14. The processing circuit of claim 1,

wherein the processing element is simplified on the basis of the first input bit and the second input bit being distributed to the first input path and the second input path according to the predetermined sorting rule.

15. The processing circuit of claim 14,

wherein the processing element is simplified such that it carries out the logic operation erroneously when the first input bit and the second input bit are not distributed to the first input path and the second input path according to the predetermined sorting rule.

16. The processing circuit of claim 1,

wherein the processing element is set up to carry out the logic operation according to a truth table that, allowing for the first input bit and the second input bit being distributed to the first input path and the second input path according to the predetermined sorting rule, is simplified such that the processing element can carry out the logic operation erroneously when the first input bit and the second input bit are not distributed to the first input path and the second input path according to the predetermined sorting rule.

17. The processing circuit of claim 1,

wherein the processing circuit is a reduced full adder circuit.

18. The processing circuit of claim 14,

wherein the processing circuit is a reduced mirror adder circuit.
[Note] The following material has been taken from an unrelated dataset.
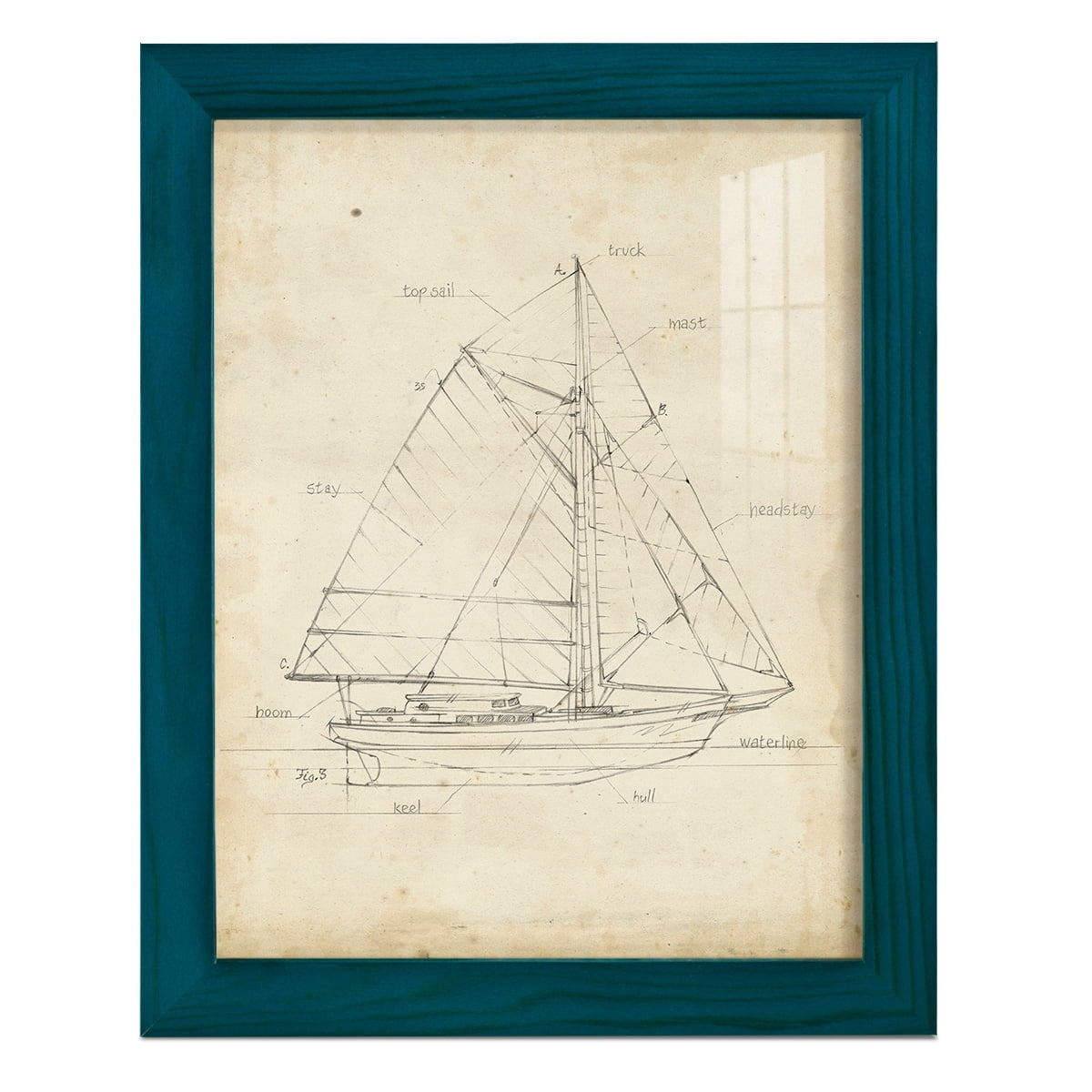 Sailboat Blueprint III -Framed Print w/glass-Ocean Blue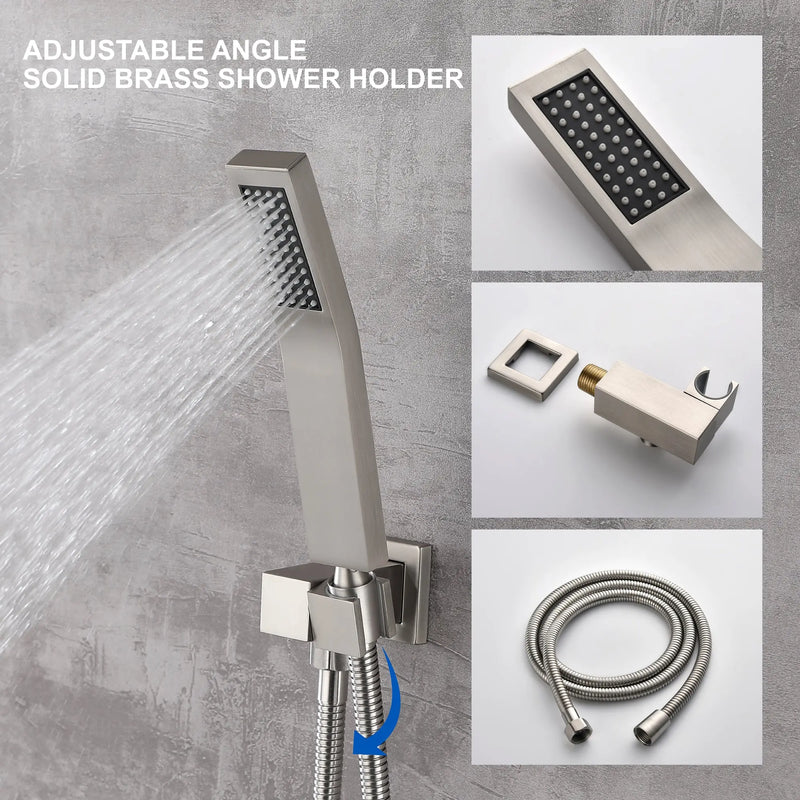 Ceiling Mounted Rain Shower System, SHAMANDA Luxury Brass Shower Faucet Set with 12 Inch Shower Head and Hand Shower ceiling-mounted-rain-shower-system-shamanda-luxury-brass-shower-faucet-set-with-12-inch-shower-head-and-hand-shower-88005b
19. A method for operating a processing circuit, the method comprising:

distributing a first input bit and a second input bit according to a predetermined sorting rule to a first input path and a second input path to a processing element for receiving the first input bit and the second input bit via the first input path and the second input path and for performing a logic operation which is commutative with respect to the first input bit and the second input bit.